9.11            WAIVER OF JURY TRIAL. EACH PARTY ACKNOWLEDGES AND AGREES THAT ANY TRANSACTION LEGAL PROCEEDING, INCLUDING ANY CONTROVERSY OR LITIGATION THAT MAY ARISE OUT OF OR RELATE TO THIS AGREEMENT, OR THE NEGOTIATION, VALIDITY OR PERFORMANCE OF THIS AGREEMENT, OR THE TRANSACTIONS, IS LIKELY TO INVOLVE COMPLICATED AND DIFFICULT ISSUES, AND THEREFORE EACH PARTY HEREBY IRREVOCABLY AND UNCONDITIONALLY WAIVES ANY RIGHT THAT SUCH PARTY MAY HAVE TO A TRIAL BY JURY IN RESPECT OF ANY LEGAL PROCEEDING (WHETHER FOR BREACH OF CONTRACT, TORTIOUS CONDUCT OR OTHERWISE) DIRECTLY OR INDIRECTLY ARISING OUT OF OR RELATING TO THIS AGREEMENT, THE TRANSACTIONS, THE GUARANTY, THE EQUITY COMMITMENT LETTER, THE DEBT COMMITMENT LETTER, THE DEBT FINANCING OR THE EQUITY FINANCING INCLUDING ANY TRANSACTION LEGAL PROCEEDING AND ANY SUCH LEGAL PROCEEDING INVOLVING DEBT FINANCING SOURCES IN CONNECTION WITH THE FINANCING DESCRIBED IN THIS AGREEMENT. EACH PARTY ACKNOWLEDGES AND AGREES THAT (i) NO REPRESENTATIVE, AGENT OR ATTORNEY OF ANY OTHER PARTY HAS REPRESENTED, EXPRESSLY OR OTHERWISE, THAT SUCH OTHER PARTY WOULD NOT, IN THE EVENT OF LITIGATION, SEEK TO ENFORCE THE FOREGOING WAIVER; (ii) IT UNDERSTANDS AND HAS CONSIDERED THE IMPLICATIONS OF THIS WAIVER; (iii) IT MAKES THIS WAIVER VOLUNTARILY; AND (iv) IT HAS BEEN INDUCED TO ENTER INTO THIS AGREEMENT BY, AMONG OTHER THINGS, THE MUTUAL WAIVERS AND CERTIFICATIONS IN THIS SECTION 9.11.

 

9.12            Company Disclosure Letter References.

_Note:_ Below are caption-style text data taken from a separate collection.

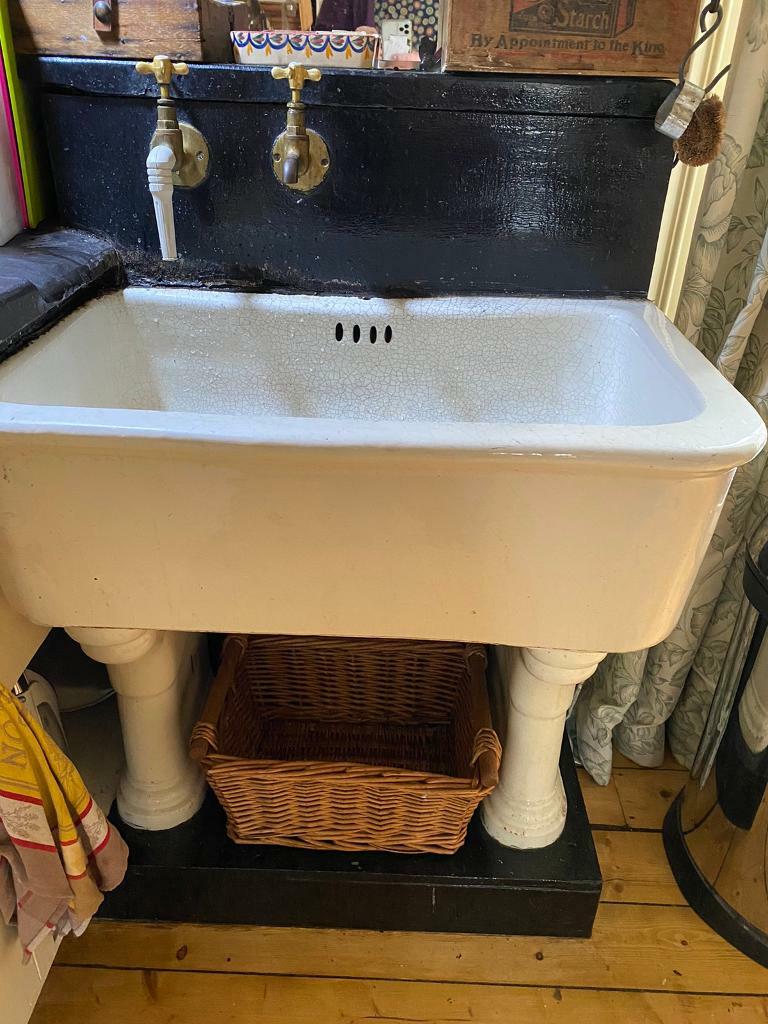Victorian Belfast sink in Kelvinbridge, Glasgow Gumtree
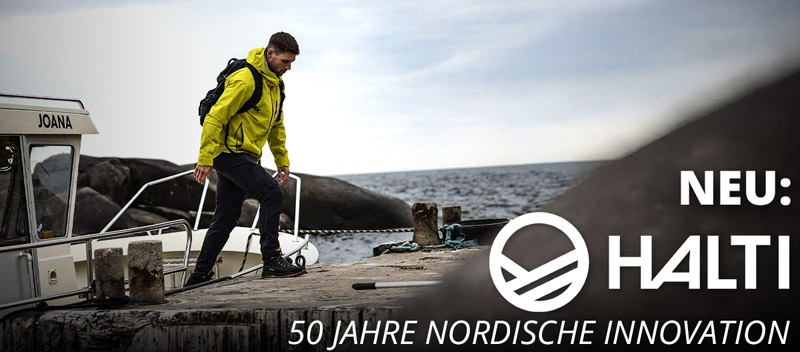 Neu: HALTI - 50 Jahre nordische Innovation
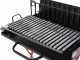 AgriEuro Premium Line Medium - Holzgrill - Grillrost aus Edelstahl 64x34 mit Auffangwanne - zusammenklappbar und tragbar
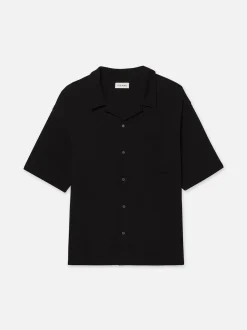 FRAME Duo Fold Relaxed Short Sleeve Shirt in< Shirts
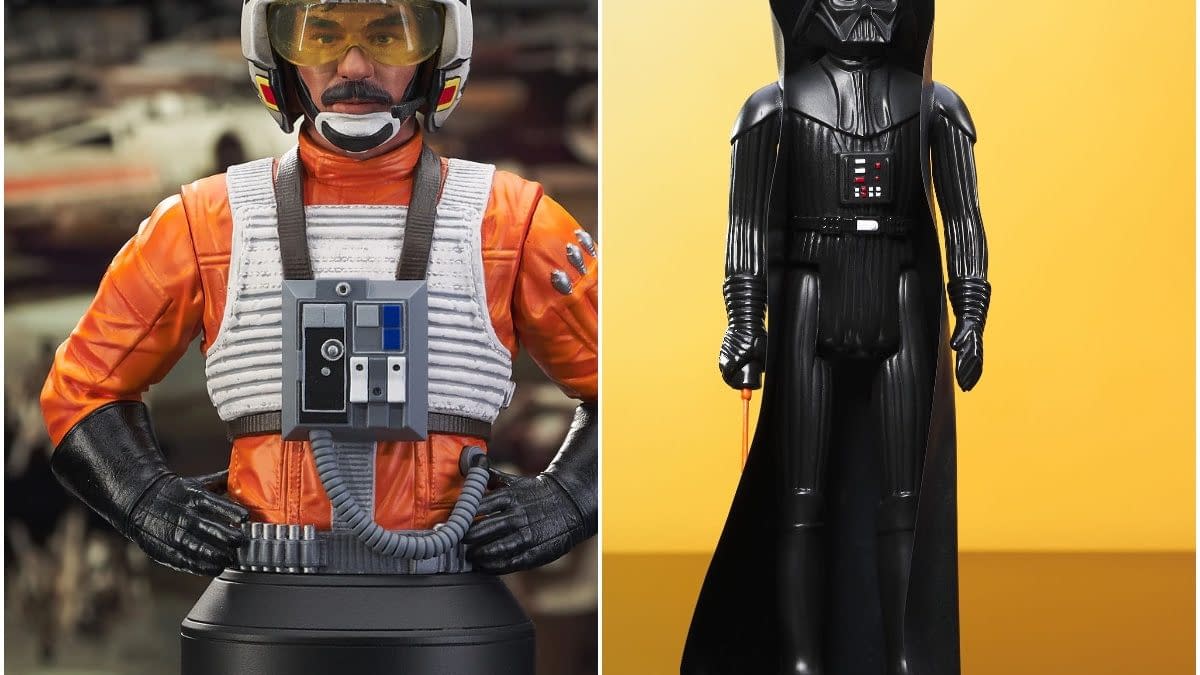 New Gentle Giant Star Wars Reveals -Jumbo Kenner Vader and Biggs
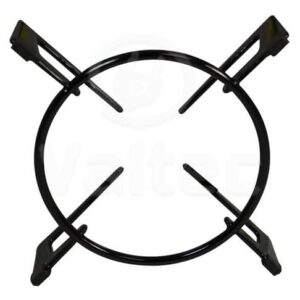 Trempe grelha grade fogão cooktop fischer tripla chama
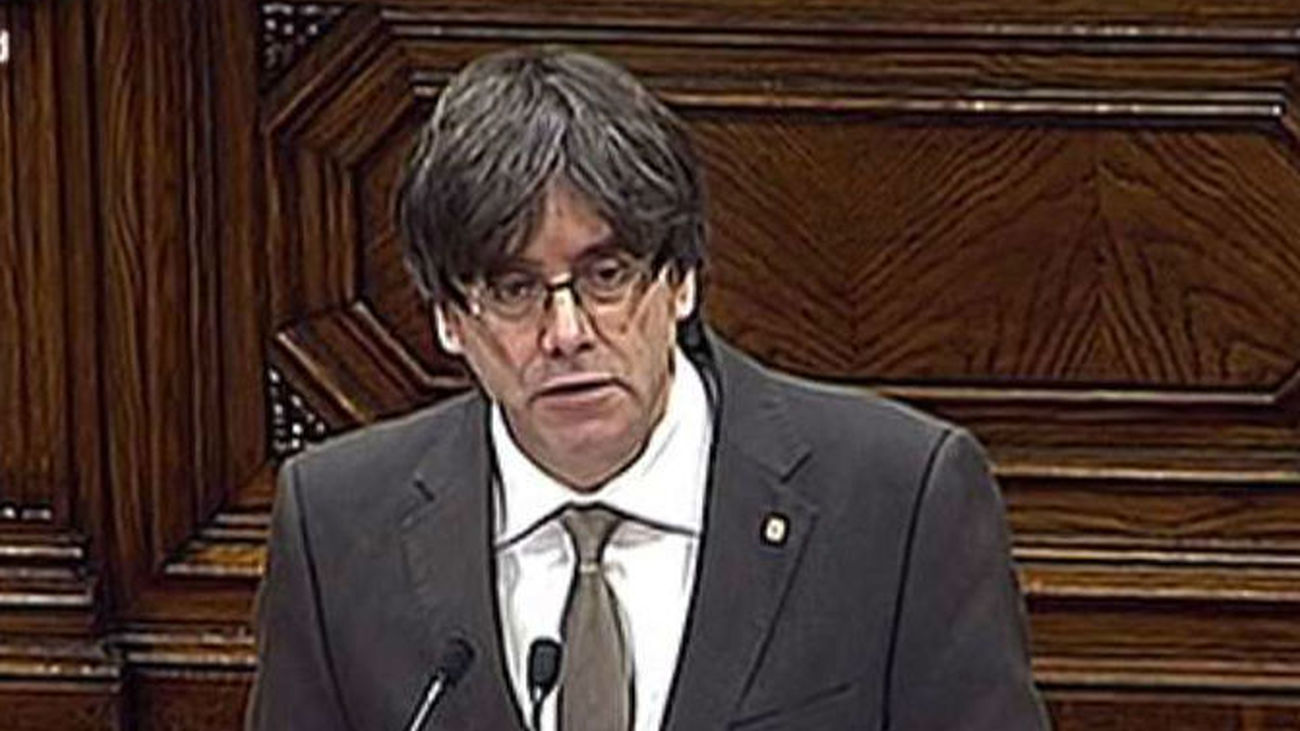 La CUP apoyaria a Puigdemont  si pide un referéndum de independencia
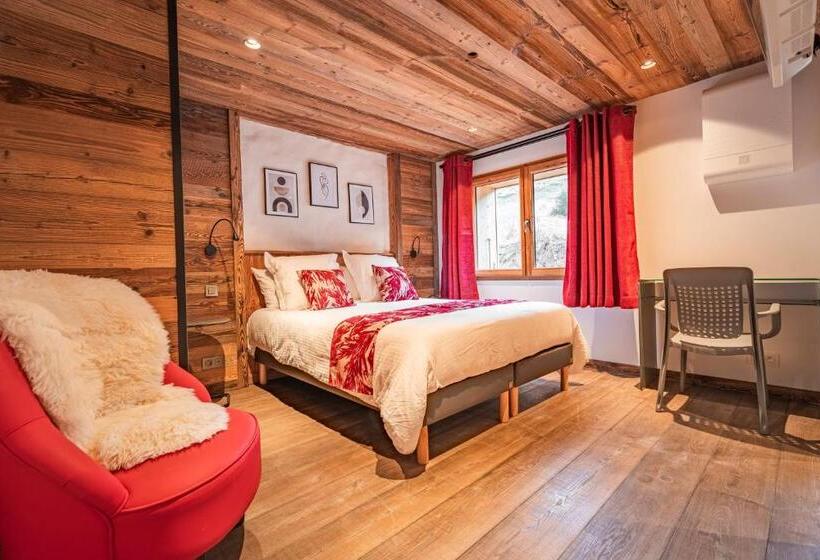 스탠다드 룸 산 전망, Chalet Charming B And B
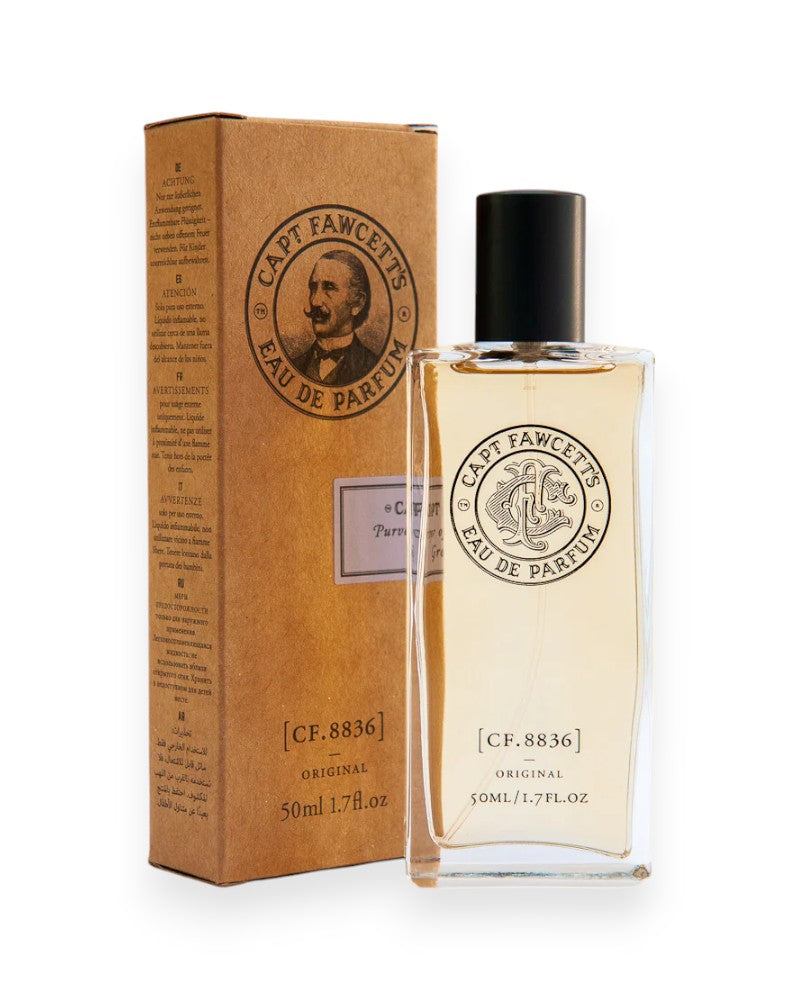 CAPTAIN FAWCETT ORIGINAL EAU DE PARFUM - Main Image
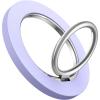 Magnetic Phone Ring Holder for Mag Safe – Lamicall Magnetic Finger Phone Ring Stand Holder, Magnet Ring Grip, Compatible with iPhone 14 Plus 13 12, Pro, Pro Max, Mini, Mag Safe Accessories, Violet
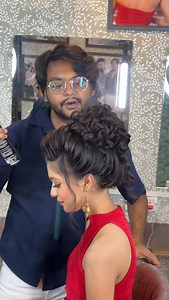15K views · 941 reactions | Trendy messy bun hairstyle full tutorial by @anitanksirsiya_hairstylist #foryou #trendy #messybun #messyhairstyle #hairtutorial #hairtutorialvideo #foryoupage #reel #reelsvideo #haireducation #reelsindia | Anitank Sirsiya | Facebook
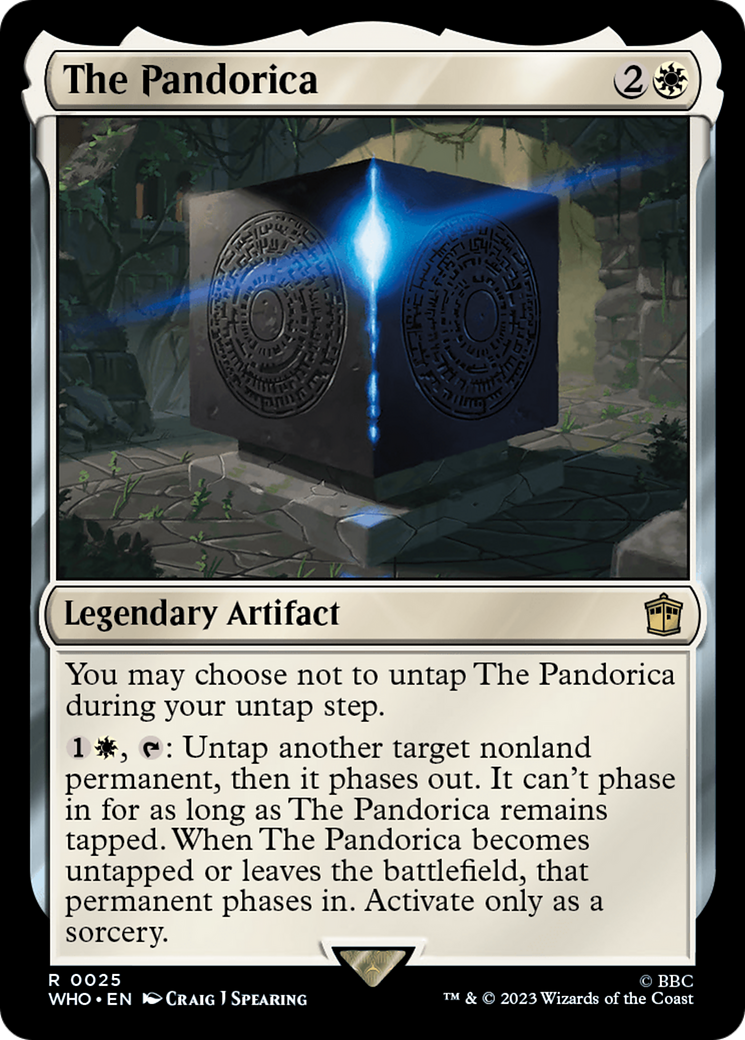 The Pandorica [Doctor Who] | Pegasus Games WI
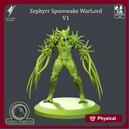 ZEPHYRR V1 - 40mm Base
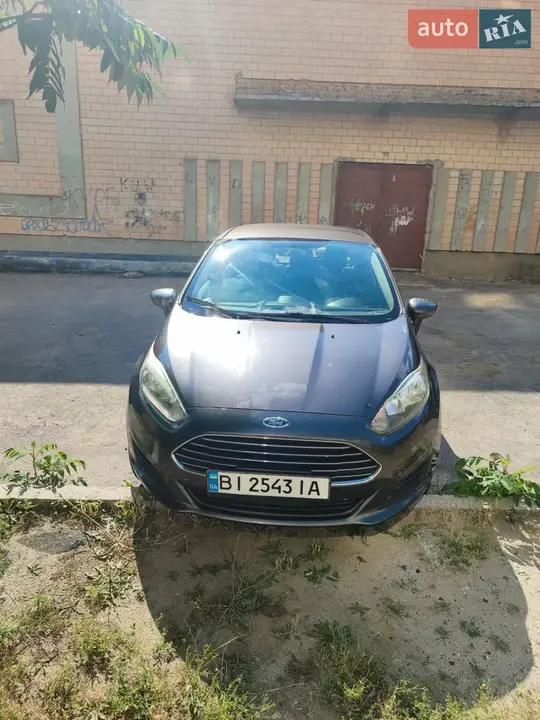 Ford Fiesta 2017 photo 2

The Parties agree that the disclosure set forth in any particular section or subsection of the Company Disclosure Letter will be deemed to be an exception to (or, as applicable, a disclosure for purposes of) (a) the representations and warranties (or covenants, as applicable) of the Company that are set forth in the corresponding Section or subsection of this Agreement; and (b) any other representations and warranties (or covenants, as applicable) of the Company that are set forth in this Agreement, but in the case of this clause (b) only if the relevance of that disclosure as an exception to (or a disclosure for purposes of) such other representations and warranties (or covenants, as applicable) is reasonably apparent on the face of such disclosure (without reference to the underlying documents referenced therein).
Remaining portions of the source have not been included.